-- Exercise brief --
Set the data below down again, exactly, with every picture left out.

(Stored items)
━━━━━━
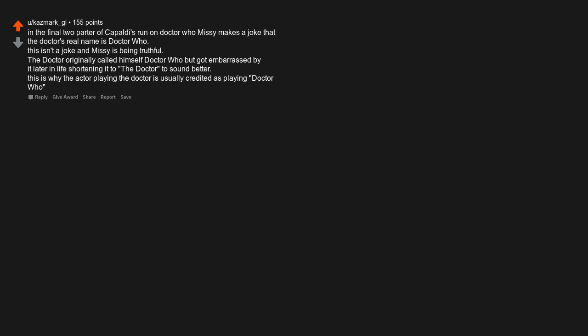In the final two-parter of Capaldi's run on Doctor Who, Missy makes a joke that the doctor's real name is Doctor Who. This isn't a joke and Missy is being truthful. The doctor originally called himself Doctor Who, but got embarrassed by it later in life shortening it to the doctor to sound better. This is why the actor playing the doctor is usually credited as playing Doctor Who.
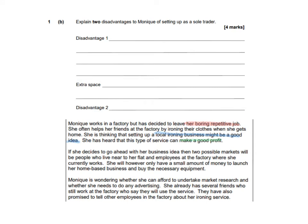So the second question which relates to this case study is: explain 2 disadvantages to Monique of setting up as a sole trader. And this is a 4 marker. So again if I look at the ICF — the command term is 'explain' and it's asking me to explain 2. The context is again Monique, so the answer has to relate to the case study, and you have to go back to the case study to see if there's anything else. And the focus is in terms of disadvantages of a sole trader. I'm just going to have a quick look to see if there's anything that relates to this question to help me as evidence.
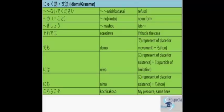So let's start with the grammar session. The first one is Nani Nani Nai De Kudasai. This means refusal. You don't want to do something. For example, Tabe Nai De Kudasai means please don't eat. Kaka Nai De Kudasai, please don't write. So it's a refusal.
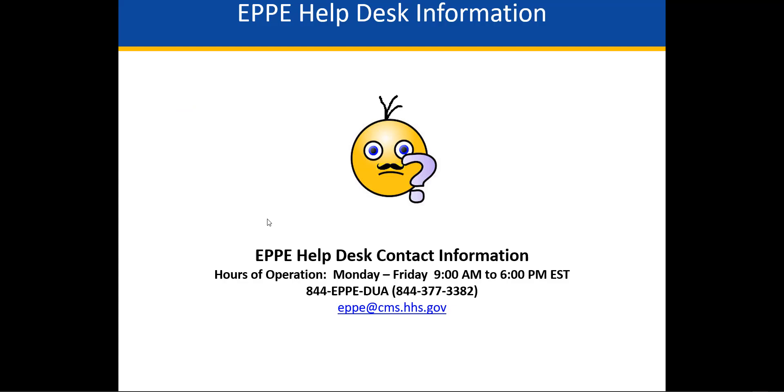If you have any questions, please contact the EPI Help Desk at 844-EPI-DUA or 844-377-3382, or via email at epi-cms.hhs.gov. They are available Monday through Friday from 9 a.m. to 6 p.m. Eastern Standard Time. This concludes this training module.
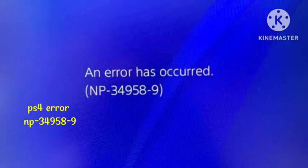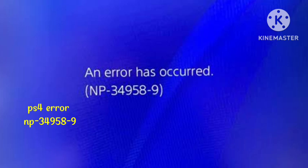Hello viewers, welcome to our channel. If you're getting the problem on your PS4, 'An error has occurred' with error code NP-34958-9, in today's video I will tell you the exact solution. You need to follow some simple steps that will help you fix this problem. So let's start this video.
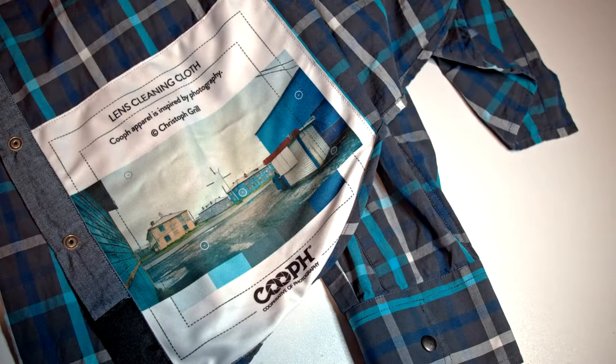It also has an integrated lens cloth, which features the photo which inspired the colors for the shirt. This is a pretty cool feature, and it can be a conversational topic around photographer friends.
━━━━━━
-- Solution to the problem --
In the final two-parter of Capaldi's run on Doctor Who, Missy makes a joke that the doctor's real name is Doctor Who. This isn't a joke and Missy is being truthful. The doctor originally called himself Doctor Who, but got embarrassed by it later in life shortening it to the doctor to sound better. This is why the actor playing the doctor is usually credited as playing Doctor Who.
So the second question which relates to this case study is: explain 2 disadvantages to Monique of setting up as a sole trader. And this is a 4 marker. So again if I look at the ICF — the command term is 'explain' and it's asking me to explain 2. The context is again Monique, so the answer has to relate to the case study, and you have to go back to the case study to see if there's anything else. And the focus is in terms of disadvantages of a sole trader. I'm just going to have a quick look to see if there's anything that relates to this question to help me as evidence.
So let's start with the grammar session. The first one is Nani Nani Nai De Kudasai. This means refusal. You don't want to do something. For example, Tabe Nai De Kudasai means please don't eat. Kaka Nai De Kudasai, please don't write. So it's a refusal.
If you have any questions, please contact the EPI Help Desk at 844-EPI-DUA or 844-377-3382, or via email at epi-cms.hhs.gov. They are available Monday through Friday from 9 a.m. to 6 p.m. Eastern Standard Time. This concludes this training module.
Hello viewers, welcome to our channel. If you're getting the problem on your PS4, 'An error has occurred' with error code NP-34958-9, in today's video I will tell you the exact solution. You need to follow some simple steps that will help you fix this problem. So let's start this video.
It also has an integrated lens cloth, which features the photo which inspired the colors for the shirt. This is a pretty cool feature, and it can be a conversational topic around photographer friends.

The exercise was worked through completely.